Facile distruggere, difficile costruire

venerdì 11 Novembre 2022

Sentiamo molta gente che ama darsi delle arie come pavoni, con il rischio che a forza di gonfiarsi possono scoppiare. Per contro, vi sono quelli che valgono e non se ne vantano. Perché questo incipit? Per indicare che molta gente, supponente, ritiene di criticare, anche ripetutamente, ciò che fanno gli altri dimenticando la propria incapacità di fare qualcosa e di farla bene.

Dal che si deduce che è sempre facile distruggere mentre è difficile, o molto difficile, costruire.
Ciò accade perché la gran parte della gente dimentica che prima di reclamare i propri diritti dovrebbe assolvere il compito di completare i propri doveri.

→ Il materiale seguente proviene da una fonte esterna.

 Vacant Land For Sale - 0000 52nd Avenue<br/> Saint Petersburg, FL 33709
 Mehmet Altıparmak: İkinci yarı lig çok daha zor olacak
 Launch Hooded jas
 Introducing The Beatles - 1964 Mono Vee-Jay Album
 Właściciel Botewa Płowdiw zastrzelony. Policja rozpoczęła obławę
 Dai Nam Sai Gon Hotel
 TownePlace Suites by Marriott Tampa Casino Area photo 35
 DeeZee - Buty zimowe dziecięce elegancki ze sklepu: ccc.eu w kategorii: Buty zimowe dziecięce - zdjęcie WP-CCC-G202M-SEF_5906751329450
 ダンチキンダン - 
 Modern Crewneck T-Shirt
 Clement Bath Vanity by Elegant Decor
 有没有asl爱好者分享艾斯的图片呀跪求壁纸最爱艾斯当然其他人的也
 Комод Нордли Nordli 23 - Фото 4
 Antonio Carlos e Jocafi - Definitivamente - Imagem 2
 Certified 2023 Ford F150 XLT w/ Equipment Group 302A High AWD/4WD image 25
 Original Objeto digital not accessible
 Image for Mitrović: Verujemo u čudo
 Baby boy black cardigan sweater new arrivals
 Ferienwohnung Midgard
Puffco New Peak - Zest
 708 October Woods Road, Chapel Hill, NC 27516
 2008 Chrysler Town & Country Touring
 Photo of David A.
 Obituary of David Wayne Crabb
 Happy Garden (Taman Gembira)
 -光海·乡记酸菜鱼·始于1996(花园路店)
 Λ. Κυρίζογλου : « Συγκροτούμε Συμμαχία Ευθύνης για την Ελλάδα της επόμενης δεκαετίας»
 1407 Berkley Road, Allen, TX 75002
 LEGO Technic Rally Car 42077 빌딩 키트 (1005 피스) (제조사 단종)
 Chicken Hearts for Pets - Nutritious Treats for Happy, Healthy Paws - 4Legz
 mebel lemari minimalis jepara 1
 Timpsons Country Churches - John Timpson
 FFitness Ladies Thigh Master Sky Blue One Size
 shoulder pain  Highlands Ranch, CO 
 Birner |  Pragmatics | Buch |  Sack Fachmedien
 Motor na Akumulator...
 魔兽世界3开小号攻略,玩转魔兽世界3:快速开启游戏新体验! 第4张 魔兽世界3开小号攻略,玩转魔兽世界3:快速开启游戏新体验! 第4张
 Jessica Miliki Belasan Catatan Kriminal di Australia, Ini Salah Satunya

Chi non parte dai doveri per arrivare ai diritti, rovesciando tale priorità, è un supponente che non ha la minima voglia di fare quanto dovrebbe mentre continua a blaterare che gli altri – a cominciare dallo Stato – devono dargli qualcosa per soddisfare i suoi diritti.
In fondo, la questione è tutta qui: diritti prima dei doveri o doveri prima dei diritti.

Chi capisce le cose che scriviamo? Chi è dotato di cultura media la quale si accumula leggendo molti libri (decine, centinaia o migliaia); ovviamente libri che inducano ad aumentare le conoscenze e ad alimentare il funzionamento della mente che così diventa più capace di discernere fra il Bene e il Male, fra le cose buone e le cose cattive.

Chi agisce come scritto prima? Purtroppo poche persone. Molte, invece, tendono ad accollare agli altri le colpe della propria pochezza, nascondendo invece le proprie responsabilità sulla incapacità di osservare con obiettività e quindi trarne le conseguenze.
Qualcuno dice che non bisogna mai negare niente a nessuno, che le richieste dei cittadini devono essere accolte, a prescindere, che si devono fare scelte anche politiche basandosi sui sondaggi ed altre amenità di questo genere.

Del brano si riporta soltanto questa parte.